Though large business interests had long profited from systems of international trade and investment, multinational corporations grew and flourished in a world economy increasingly organized around policies of free-market neoliberalism, which relaxed barriers to international trade. Multinational corporations built global systems of production and distribution that generated unprecedented wealth and generally escaped the control of national regulators and politicians. Conglomerates such as Siemens and Vivendi exemplified this business model. Siemens, with international headquarters in Berlin and Munich and offices around the globe, is one of the world’s largest engineering companies, with vast holdings in energy, construction, health care, financial services, and industrial production.

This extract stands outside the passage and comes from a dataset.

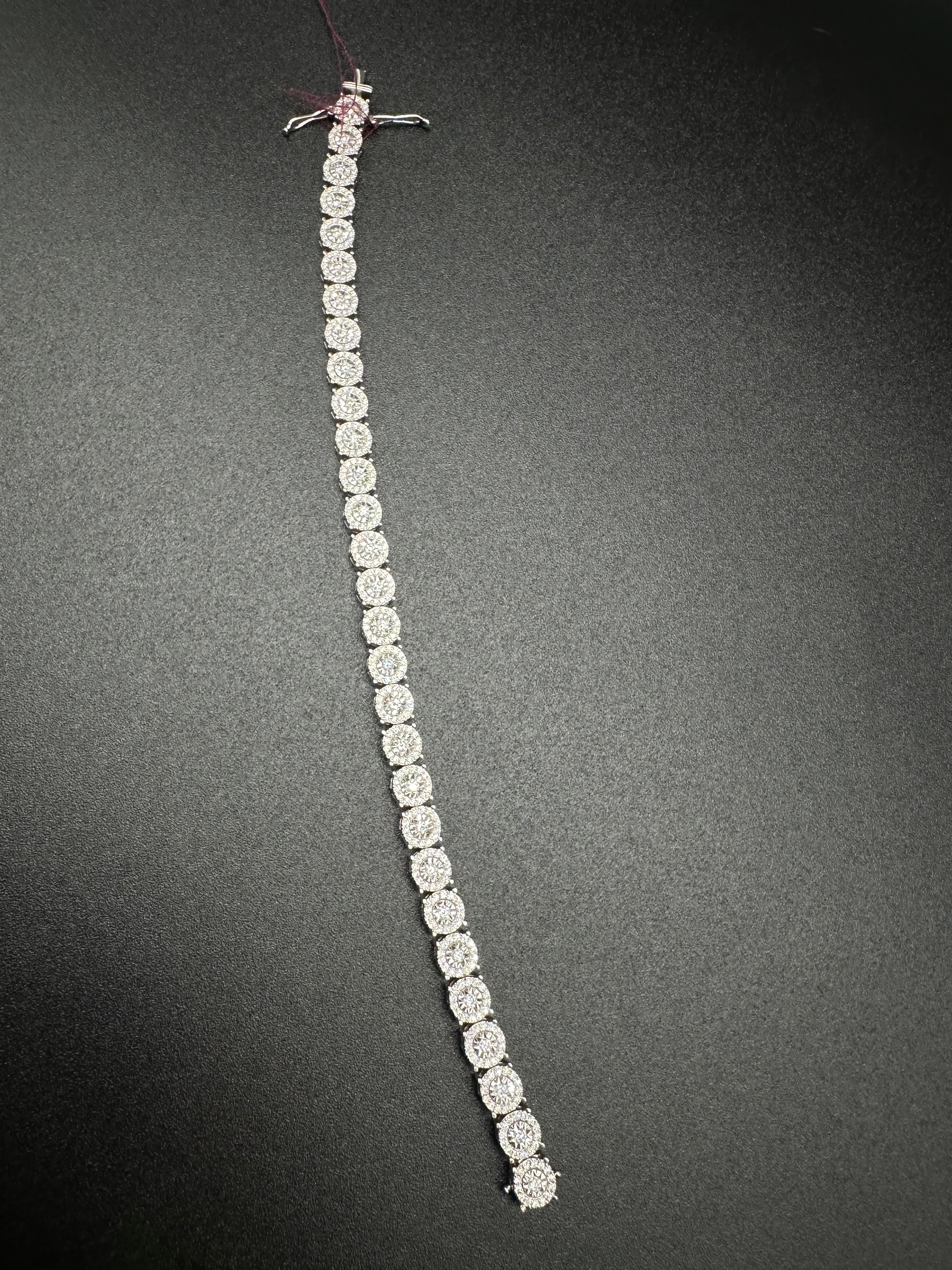 Moissanite Verity Tennis Bracelet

Vivendi, an extensive media and telecommunications company headquartered in Paris, controls a vast international network of producers and products, including music and film, publishing, television broadcasting, pay-TV, Internet services, and video games.
The development of sophisticated personal computer technologies and the Internet at the end of the twentieth century, coupled with the deregulation of national and international financial systems, further encouraged the growth of international trade. The ability to rapidly exchange information and capital meant that economic activity was no longer centered on national banks or stock exchanges, but rather flowed quickly across international borders. Large cities like London, Moscow, New York, and Hong Kong became global centers of banking, trade, and financial services. The influence of financial and insurance companies, communications conglomerates, and energy and legal firms headquartered in these global cities extended far beyond the borders of the traditional nation-state.

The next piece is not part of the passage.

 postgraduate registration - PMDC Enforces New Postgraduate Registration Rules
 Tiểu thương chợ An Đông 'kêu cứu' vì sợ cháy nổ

At the same time, the close connections between national economies also made the entire world vulnerable to economic panics and downturns. In 1997 a banking crisis in Thailand spread to Indonesia, South Korea, and Japan and then echoed around the world. The resulting slump in oil and gas prices hit Russia especially hard, leading to high inflation, bank failures, and the collapse of the Russian stock market. The crisis then spread to Latin America, plunging most countries there into a severe economic downturn. A decade later, a global recession triggered by a crisis in the U.S. housing market and financial system created the worst worldwide economic crisis since the Great Depression of the 1930s (see “The Global Recession and the Viability of the Eurozone”).